REQUIRED ACTION: Which lines run from the one with "Keen slides hot sale mens" through the end of the data? Retype them exactly, without pictures.

RECORDS SHOWN START

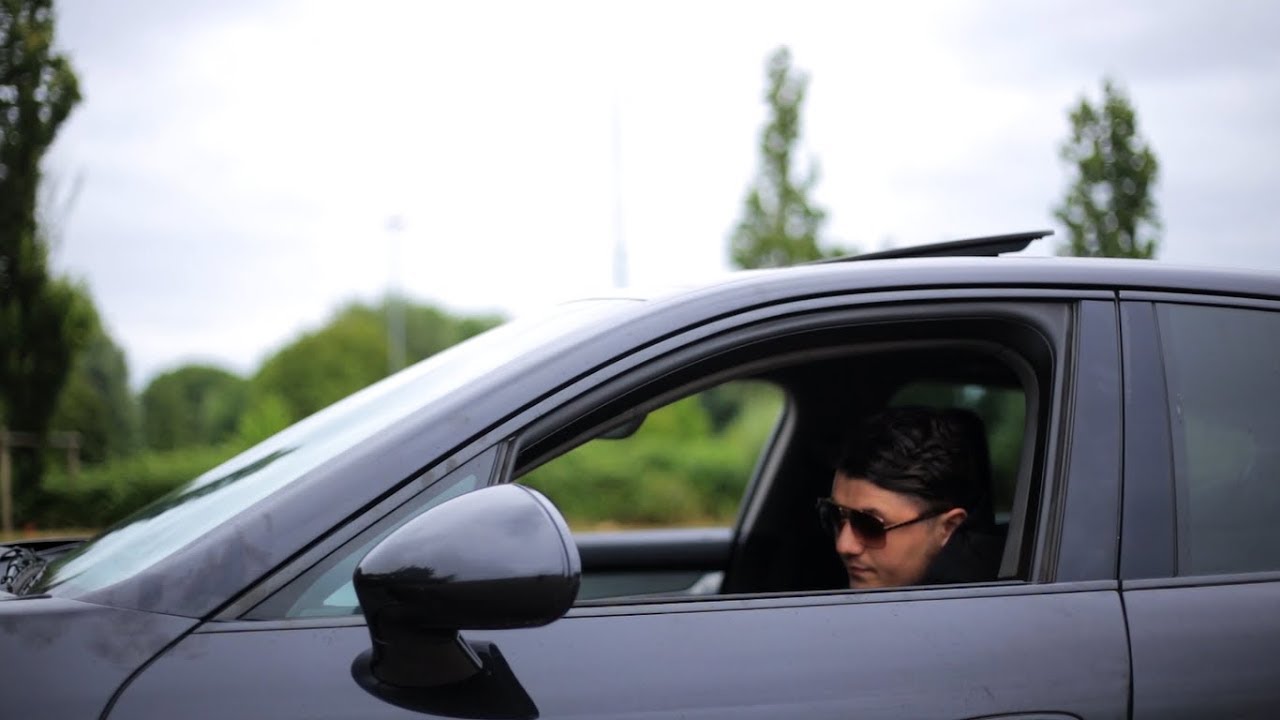 HIEWI - WAKKER WORDEN (OFFICIAL VIDEO)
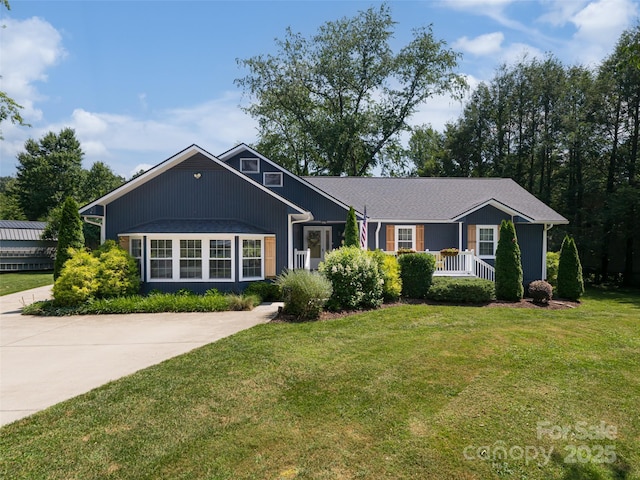 206 Pinner Rd, Arden, NC 28704 - photo 1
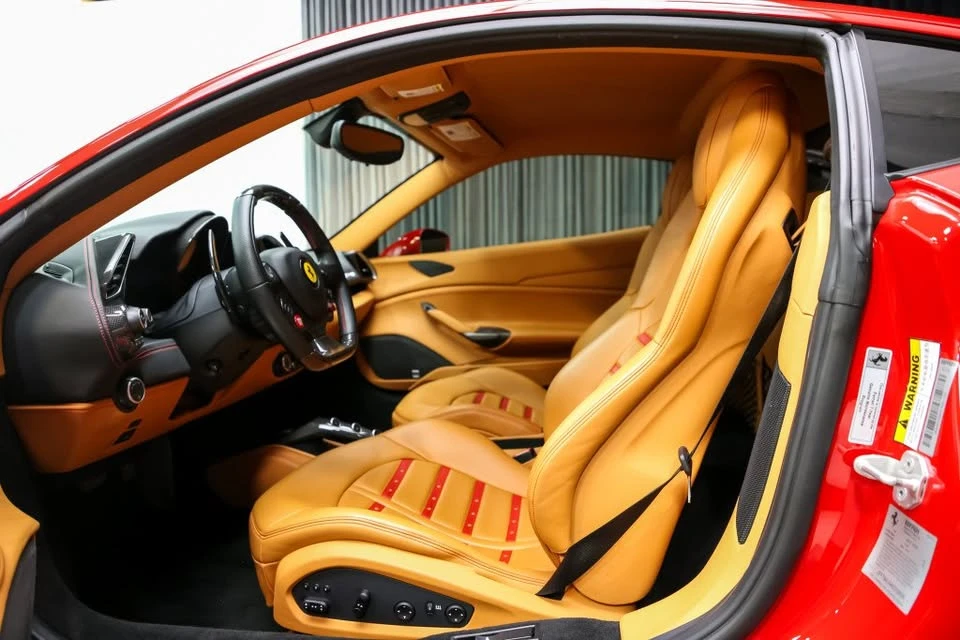 2019 Ferrari 488 GTB - Image 18 of 20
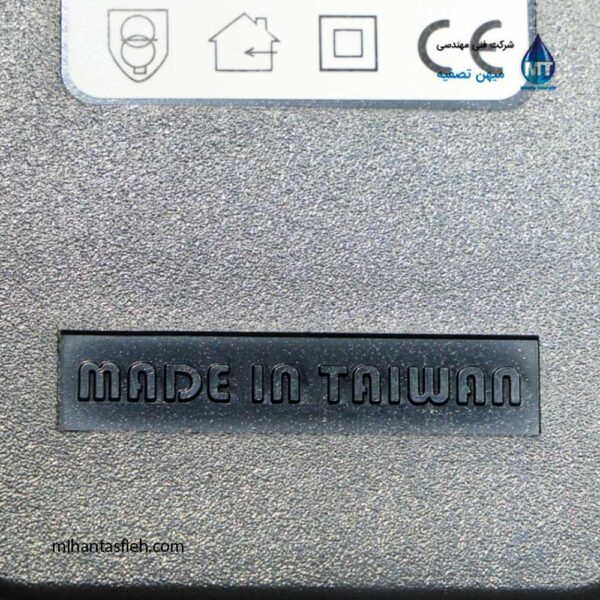 آداپتور دستگاه آب شیرین کن خانگی 24 ولت 1.2 آمپر سیم پیچ مس تایوانی TNT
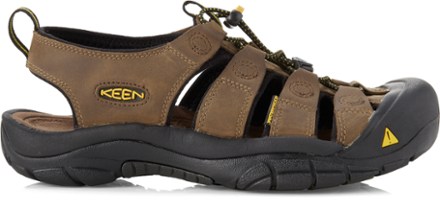 Keen slides hot sale mens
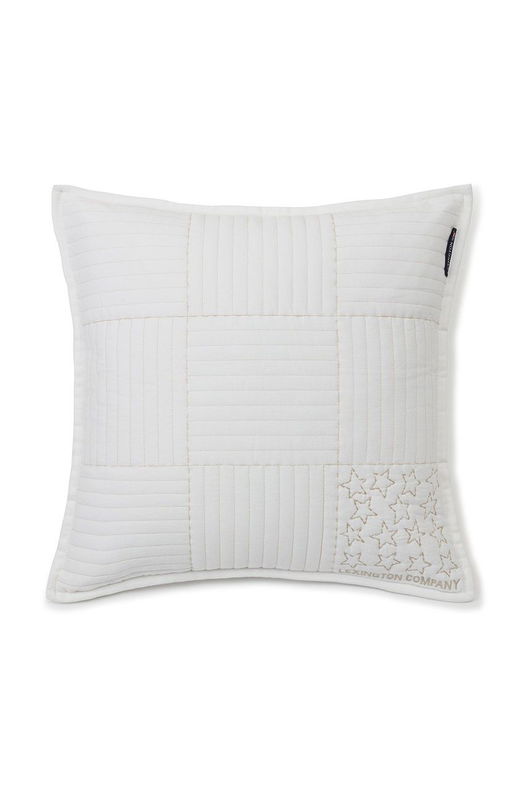 Lexington Perna Decorativa Dama Alb
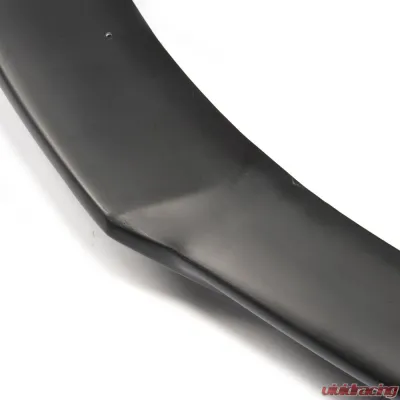 VR Aero FRP Front Lip Spoiler Audi S3 | A3 Sline Sedan 2014-2016 - VR-A3S3-601-1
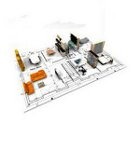 La franchise d&rsquo;ameublement passe au 3D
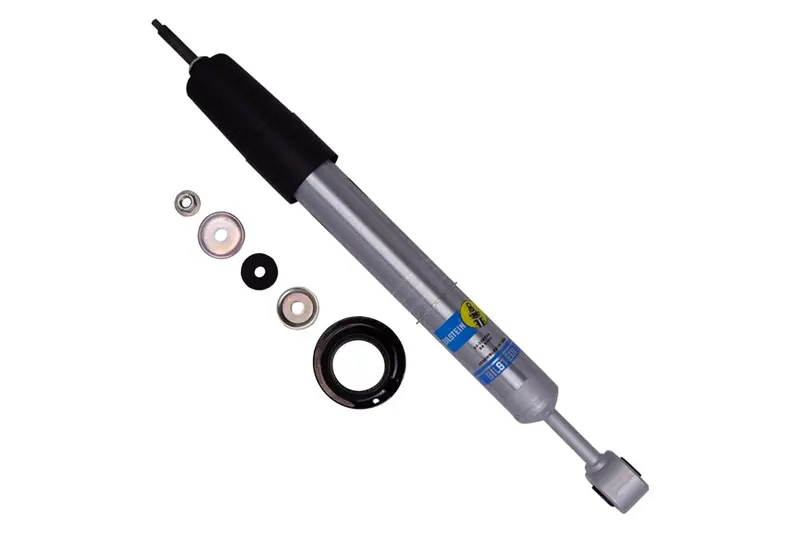2010-24 Toyota 4Runner Bilstein B8 5100 Front Shock 0-2.5 In Lift 1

RECORDS SHOWN END

ANSWER AREA:
 Keen slides hot sale mens
 Lexington Perna Decorativa Dama Alb
 VR Aero FRP Front Lip Spoiler Audi S3 | A3 Sline Sedan 2014-2016 - VR-A3S3-601-1
 La franchise d&rsquo;ameublement passe au 3D
2010-24 Toyota 4Runner Bilstein B8 5100 Front Shock 0-2.5 In Lift 1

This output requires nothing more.